§ TASK DATA
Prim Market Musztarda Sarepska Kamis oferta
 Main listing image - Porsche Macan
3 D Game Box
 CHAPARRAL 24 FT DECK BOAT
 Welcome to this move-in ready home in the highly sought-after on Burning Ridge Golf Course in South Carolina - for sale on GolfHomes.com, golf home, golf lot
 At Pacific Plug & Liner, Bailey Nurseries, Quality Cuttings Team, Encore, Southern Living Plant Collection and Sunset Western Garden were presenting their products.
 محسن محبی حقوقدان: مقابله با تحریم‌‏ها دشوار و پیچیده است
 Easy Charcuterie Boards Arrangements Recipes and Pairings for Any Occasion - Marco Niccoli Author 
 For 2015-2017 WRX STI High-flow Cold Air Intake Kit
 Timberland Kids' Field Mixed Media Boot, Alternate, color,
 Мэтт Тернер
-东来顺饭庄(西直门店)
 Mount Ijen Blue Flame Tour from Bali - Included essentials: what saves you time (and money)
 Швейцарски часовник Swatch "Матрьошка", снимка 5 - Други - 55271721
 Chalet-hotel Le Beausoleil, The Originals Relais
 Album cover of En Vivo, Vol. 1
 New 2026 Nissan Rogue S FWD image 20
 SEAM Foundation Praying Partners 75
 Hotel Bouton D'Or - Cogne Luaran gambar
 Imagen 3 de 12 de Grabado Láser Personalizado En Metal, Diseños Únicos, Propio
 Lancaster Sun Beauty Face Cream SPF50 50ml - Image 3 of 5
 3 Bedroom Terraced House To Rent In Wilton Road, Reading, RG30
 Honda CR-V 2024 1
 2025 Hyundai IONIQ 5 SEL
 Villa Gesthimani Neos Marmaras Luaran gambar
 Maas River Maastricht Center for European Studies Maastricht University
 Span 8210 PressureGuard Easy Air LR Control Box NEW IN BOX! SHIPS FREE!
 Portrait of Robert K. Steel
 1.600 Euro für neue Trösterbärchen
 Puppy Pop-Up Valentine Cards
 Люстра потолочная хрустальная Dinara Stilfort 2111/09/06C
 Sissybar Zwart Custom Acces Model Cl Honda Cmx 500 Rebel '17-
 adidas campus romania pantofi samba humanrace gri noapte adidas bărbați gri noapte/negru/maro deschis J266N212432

§ WHAT THE TASK ASKS
The complete data is to be transcribed verbatim.

§ EXERCISE OUTPUT
Prim Market Musztarda Sarepska Kamis oferta
 Main listing image - Porsche Macan
3 D Game Box
 CHAPARRAL 24 FT DECK BOAT
 Welcome to this move-in ready home in the highly sought-after on Burning Ridge Golf Course in South Carolina - for sale on GolfHomes.com, golf home, golf lot
 At Pacific Plug & Liner, Bailey Nurseries, Quality Cuttings Team, Encore, Southern Living Plant Collection and Sunset Western Garden were presenting their products.
 محسن محبی حقوقدان: مقابله با تحریم‌‏ها دشوار و پیچیده است
 Easy Charcuterie Boards Arrangements Recipes and Pairings for Any Occasion - Marco Niccoli Author 
 For 2015-2017 WRX STI High-flow Cold Air Intake Kit
 Timberland Kids' Field Mixed Media Boot, Alternate, color,
 Мэтт Тернер
-东来顺饭庄(西直门店)
 Mount Ijen Blue Flame Tour from Bali - Included essentials: what saves you time (and money)
 Швейцарски часовник Swatch "Матрьошка", снимка 5 - Други - 55271721
 Chalet-hotel Le Beausoleil, The Originals Relais
 Album cover of En Vivo, Vol. 1
 New 2026 Nissan Rogue S FWD image 20
 SEAM Foundation Praying Partners 75
 Hotel Bouton D'Or - Cogne Luaran gambar
 Imagen 3 de 12 de Grabado Láser Personalizado En Metal, Diseños Únicos, Propio
 Lancaster Sun Beauty Face Cream SPF50 50ml - Image 3 of 5
 3 Bedroom Terraced House To Rent In Wilton Road, Reading, RG30
 Honda CR-V 2024 1
 2025 Hyundai IONIQ 5 SEL
 Villa Gesthimani Neos Marmaras Luaran gambar
 Maas River Maastricht Center for European Studies Maastricht University
 Span 8210 PressureGuard Easy Air LR Control Box NEW IN BOX! SHIPS FREE!
 Portrait of Robert K. Steel
 1.600 Euro für neue Trösterbärchen
 Puppy Pop-Up Valentine Cards
 Люстра потолочная хрустальная Dinara Stilfort 2111/09/06C
 Sissybar Zwart Custom Acces Model Cl Honda Cmx 500 Rebel '17-
 adidas campus romania pantofi samba humanrace gri noapte adidas bărbați gri noapte/negru/maro deschis J266N212432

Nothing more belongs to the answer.